Exercise material:
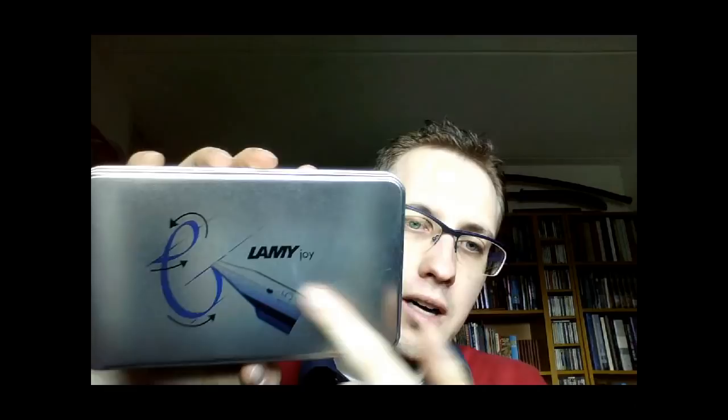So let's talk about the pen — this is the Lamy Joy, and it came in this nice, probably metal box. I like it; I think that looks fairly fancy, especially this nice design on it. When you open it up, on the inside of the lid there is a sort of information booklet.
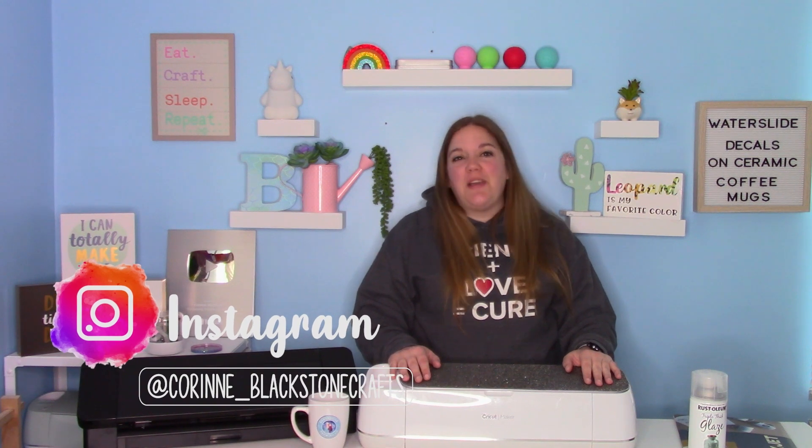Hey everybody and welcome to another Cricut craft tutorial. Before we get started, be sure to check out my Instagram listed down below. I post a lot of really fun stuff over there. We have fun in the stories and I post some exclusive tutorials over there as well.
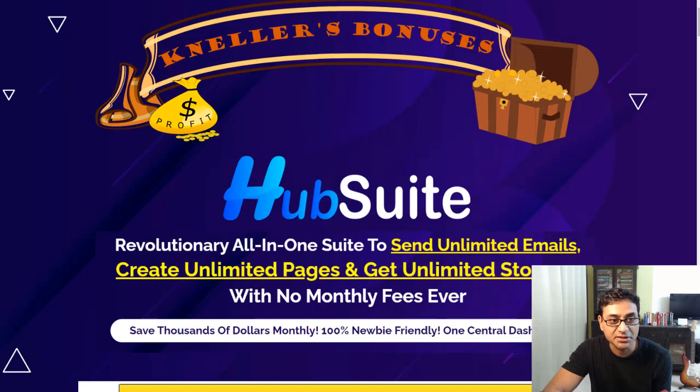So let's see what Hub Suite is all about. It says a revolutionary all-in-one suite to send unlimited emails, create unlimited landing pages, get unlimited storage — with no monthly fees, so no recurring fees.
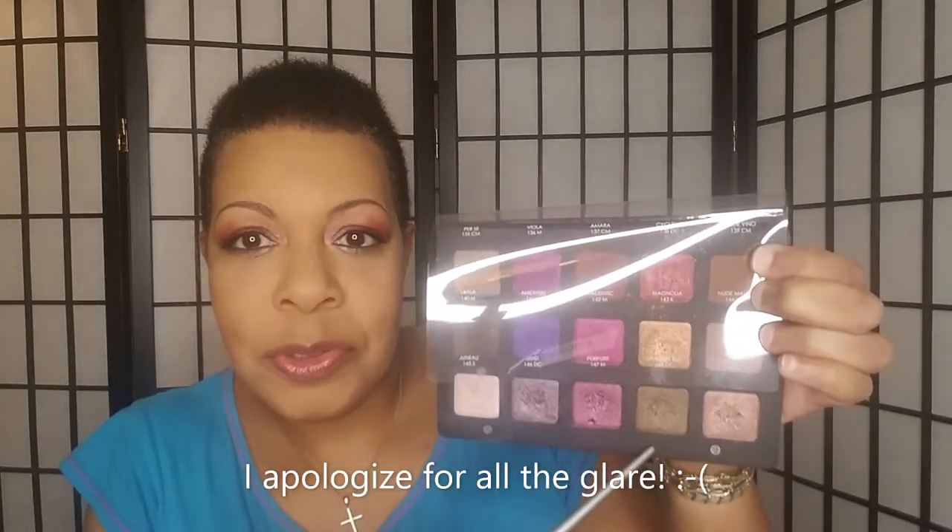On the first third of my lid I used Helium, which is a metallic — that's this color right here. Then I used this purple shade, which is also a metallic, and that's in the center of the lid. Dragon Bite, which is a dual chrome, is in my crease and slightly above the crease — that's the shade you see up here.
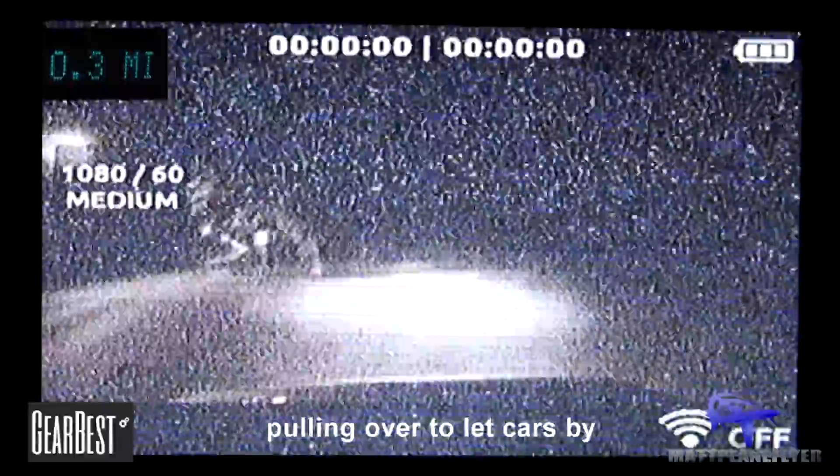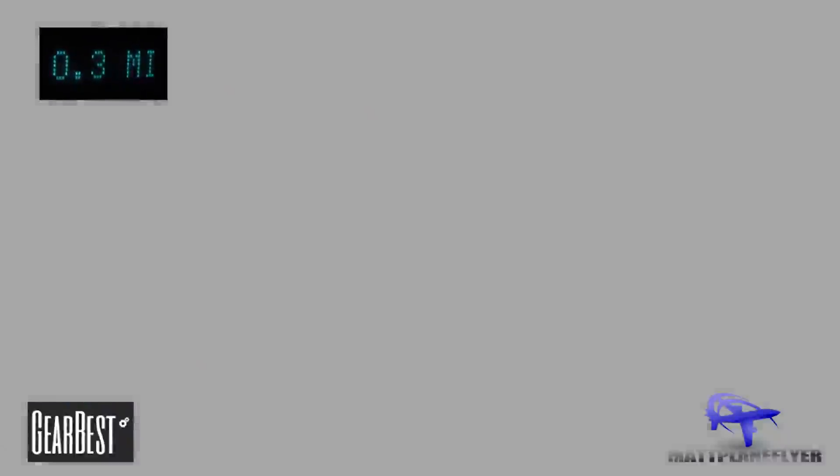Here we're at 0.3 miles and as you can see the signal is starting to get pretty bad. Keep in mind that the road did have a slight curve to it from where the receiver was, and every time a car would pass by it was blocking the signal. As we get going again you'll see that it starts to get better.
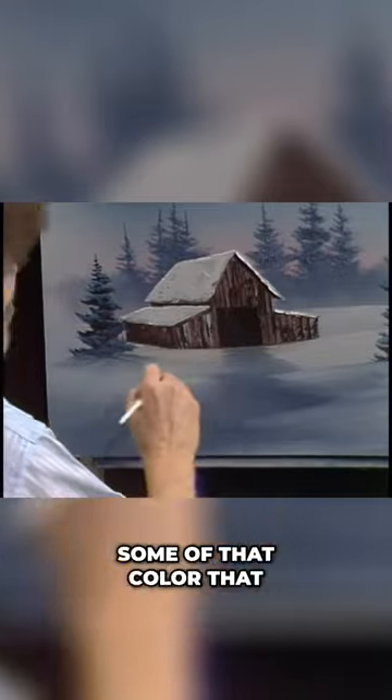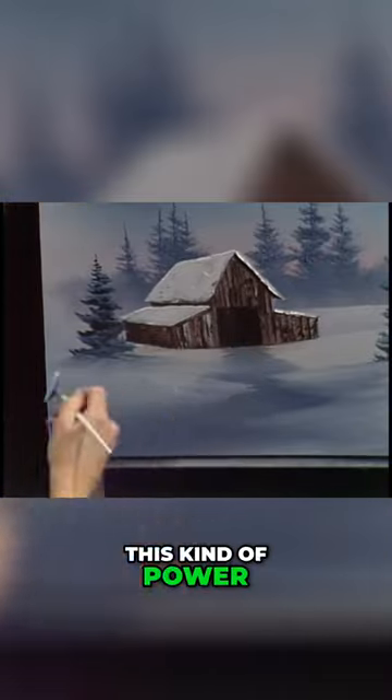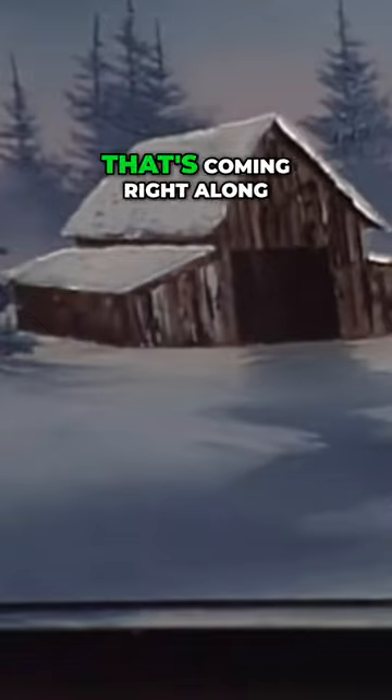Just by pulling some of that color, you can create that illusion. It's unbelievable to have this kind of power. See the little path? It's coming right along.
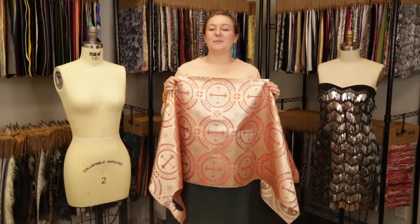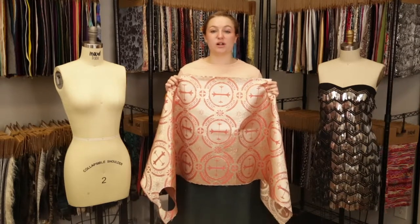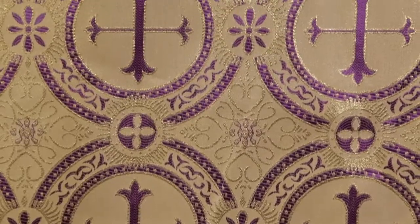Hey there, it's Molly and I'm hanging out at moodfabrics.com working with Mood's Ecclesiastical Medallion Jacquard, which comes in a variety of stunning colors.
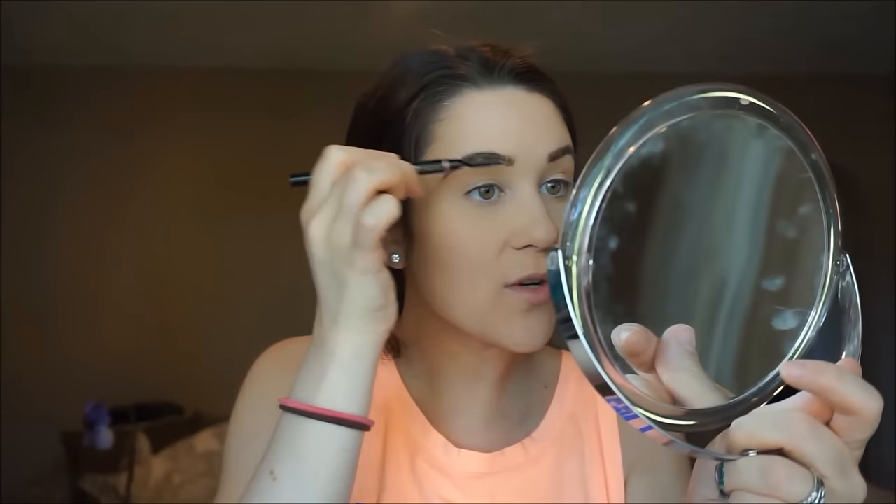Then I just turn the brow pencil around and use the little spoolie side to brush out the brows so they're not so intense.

What the exercise asks: Copy the listing above in full and exactly, but omit each picture that it holds.

Answer section:
So let's talk about the pen — this is the Lamy Joy, and it came in this nice, probably metal box. I like it; I think that looks fairly fancy, especially this nice design on it. When you open it up, on the inside of the lid there is a sort of information booklet.
Hey everybody and welcome to another Cricut craft tutorial. Before we get started, be sure to check out my Instagram listed down below. I post a lot of really fun stuff over there. We have fun in the stories and I post some exclusive tutorials over there as well.
So let's see what Hub Suite is all about. It says a revolutionary all-in-one suite to send unlimited emails, create unlimited landing pages, get unlimited storage — with no monthly fees, so no recurring fees.
On the first third of my lid I used Helium, which is a metallic — that's this color right here. Then I used this purple shade, which is also a metallic, and that's in the center of the lid. Dragon Bite, which is a dual chrome, is in my crease and slightly above the crease — that's the shade you see up here.
Here we're at 0.3 miles and as you can see the signal is starting to get pretty bad. Keep in mind that the road did have a slight curve to it from where the receiver was, and every time a car would pass by it was blocking the signal. As we get going again you'll see that it starts to get better.
Just by pulling some of that color, you can create that illusion. It's unbelievable to have this kind of power. See the little path? It's coming right along.
Hey there, it's Molly and I'm hanging out at moodfabrics.com working with Mood's Ecclesiastical Medallion Jacquard, which comes in a variety of stunning colors.
Then I just turn the brow pencil around and use the little spoolie side to brush out the brows so they're not so intense.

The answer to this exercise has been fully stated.